About the Education-Centered Medical Home
The Education-Centered Medical Home (ECMH) is a four-year, longitudinal, ambulatory experience based in existing primary care clinics where multilevel student teams (four from each class) work collaboratively to care for high-risk patient panels. In this student-centered learning environment, trainees can learn traditional patient care, communication and medical knowledge objectives and work toward competence in a number of areas.

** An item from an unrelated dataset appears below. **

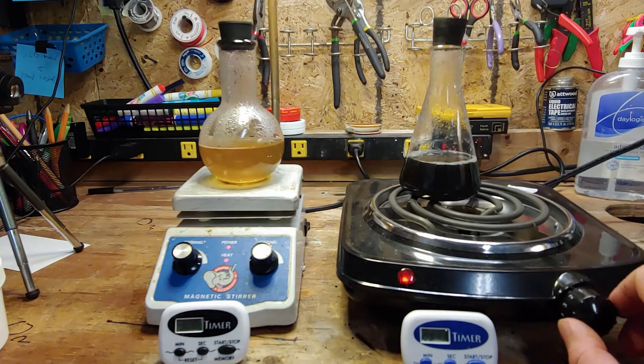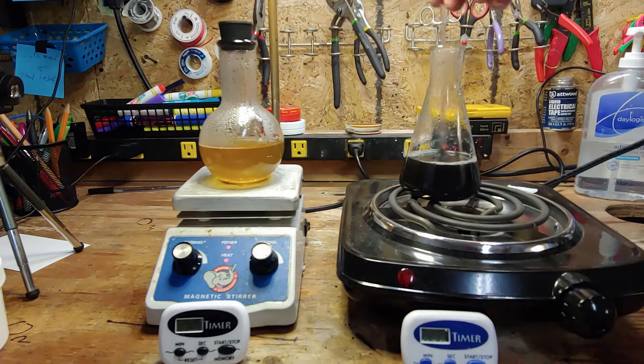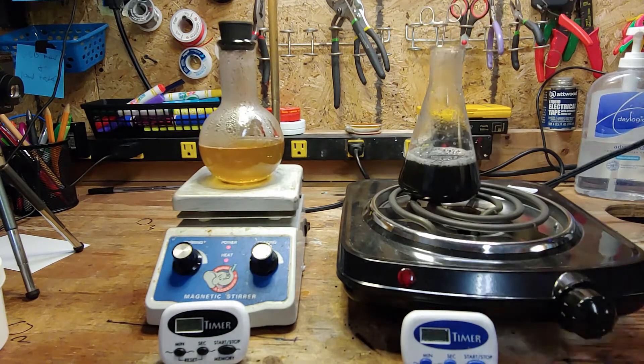It should probably be stated that if your goal is to just grow bacteria, yeasts, or molds, you don't need the malt extract powder. Just follow the mixing directions on your nutrient agar, and carry out the procedure exactly as it is shown.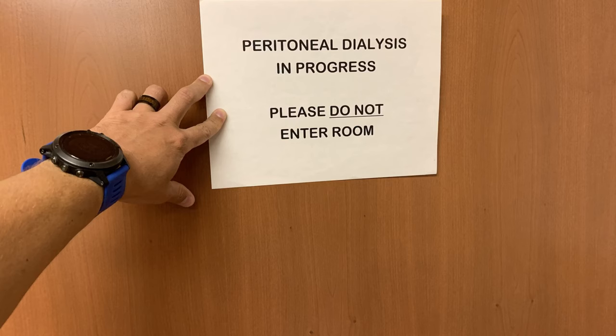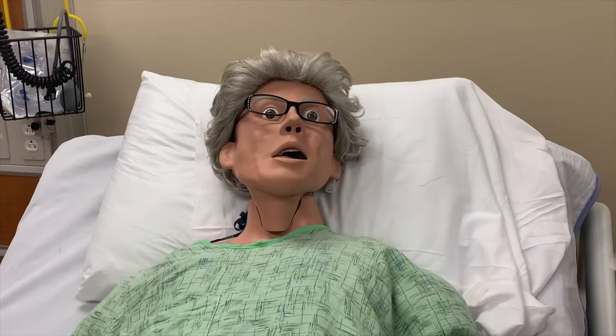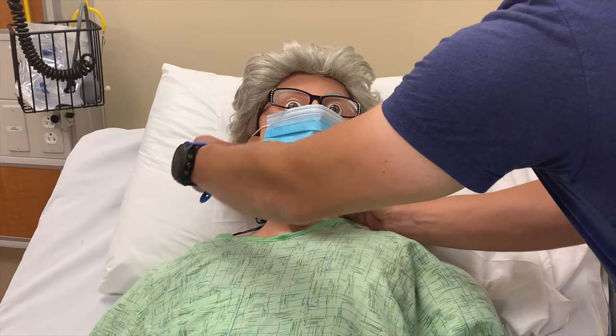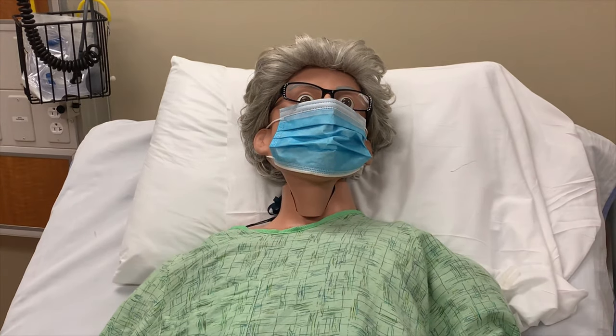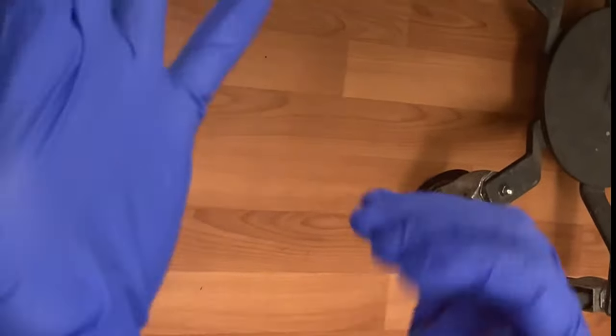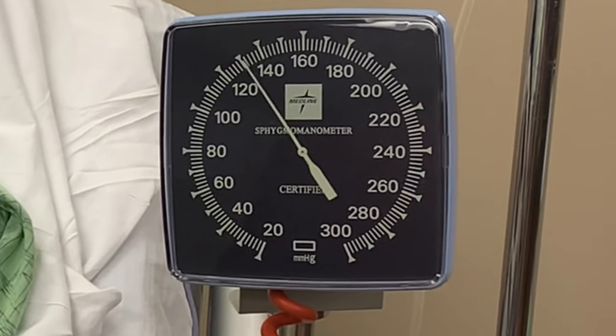If everything passes inspection, it's time to begin. Place a peritoneal dialysis in progress sign on the door. Ensure everyone remaining in the room is wearing a mask. We'll be opening the peritoneal space up to air, so we need to minimize airflow as well as the potential for introduction of foreign bacteria into the peritoneal space. Put on your clean gloves, and check your patient's vitals.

Didactics (monthly ECMH Grand Rounds) focus on nationally endorsed patient-centered medical home principles:
- Personal physician
- Team-based care
- Whole-person orientation
- Integrated/coordinated care
- Quality/safety commitment
- Enhanced access
- Payment reform
Each student in the ECMH will deliberately practice clinical care in accordance with these nationally endorsed principles, and their patient outcomes will be tracked and published across all ECMH sites to emphasize continuous quality improvement principles.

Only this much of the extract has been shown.